Metropolitan Police prepare to put down 300 illegal dogs
The Metropolitan Police are preparing to put down 300 illegal dogs seized from their owners this year.
The Status Dogs Unit (SDU) has confirmed that hundreds of animals, most of them pit bull terriers, will be destroyed because they cannot be returned or rehomed with new owners.
Patrick O'Hara, the SDU's inspector, defended the decision by pointing out that many of the dogs scheduled to be put down are not "healthy or safe dogs to have around people".
He told Sky News: "What I can say is we have rehomed around 56 dogs this year and we won't destroy a dog without some kind of a paper trail like a disclaimer, when the dogs can't be lawfully rehomed, or a court order that says it must be destroyed.
"But if a court rules that a dog is not a danger to the public and the owner is a fit and proper person then nine times out of 10 that dog goes home."
Following a number of serious dog attacks on people, the Dangerous Dogs Act was passed in 1991, banning pit bull terriers, Japanese tosas, dogo Argentinos and fila Brasileiro dogs from being bred in Britain.

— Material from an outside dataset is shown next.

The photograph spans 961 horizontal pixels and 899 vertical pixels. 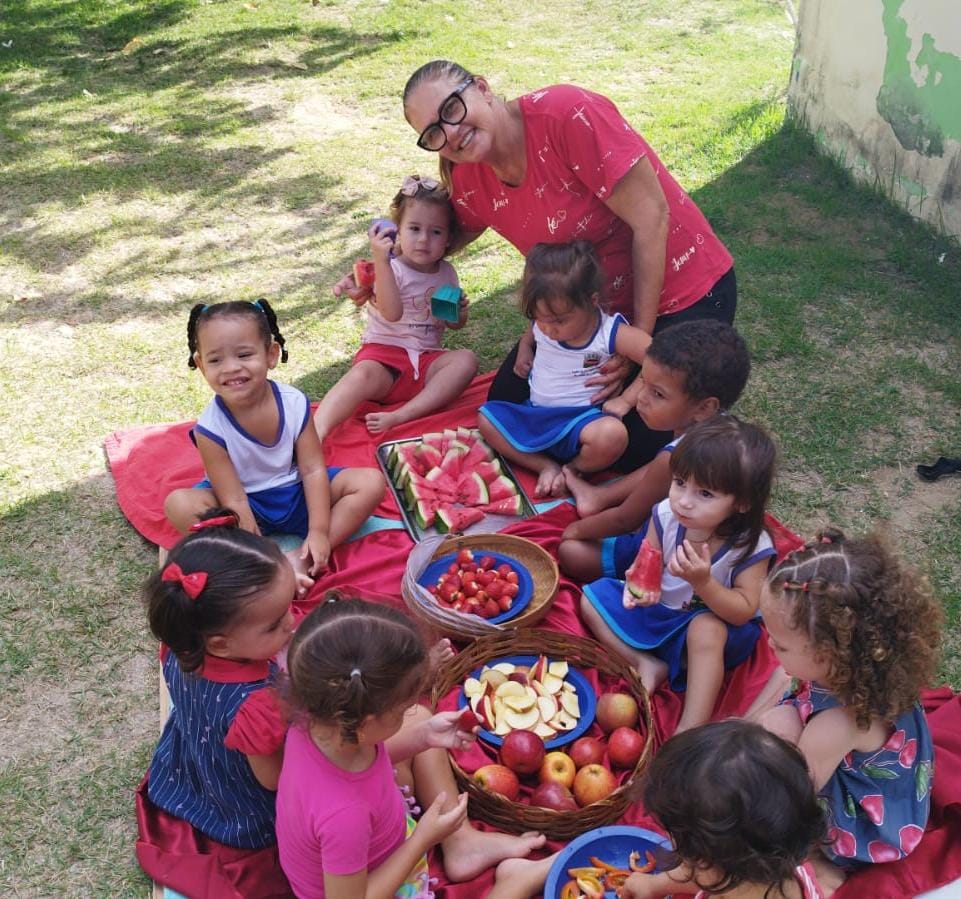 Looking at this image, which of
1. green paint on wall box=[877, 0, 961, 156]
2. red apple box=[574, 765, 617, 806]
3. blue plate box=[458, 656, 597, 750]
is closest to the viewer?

But DDA Watch, a campaign group set up to challenge the 1991 legislation, accused the Metropolitan Police of a "knee-jerk reaction".
"Animal campaigners want to see a change in the law," a spokesman said.
"Killing healthy animals that have done nothing wrong is inhumane. Dogs should be treated on a case-by-case basis and not have its fate sealed at birth because of its breed."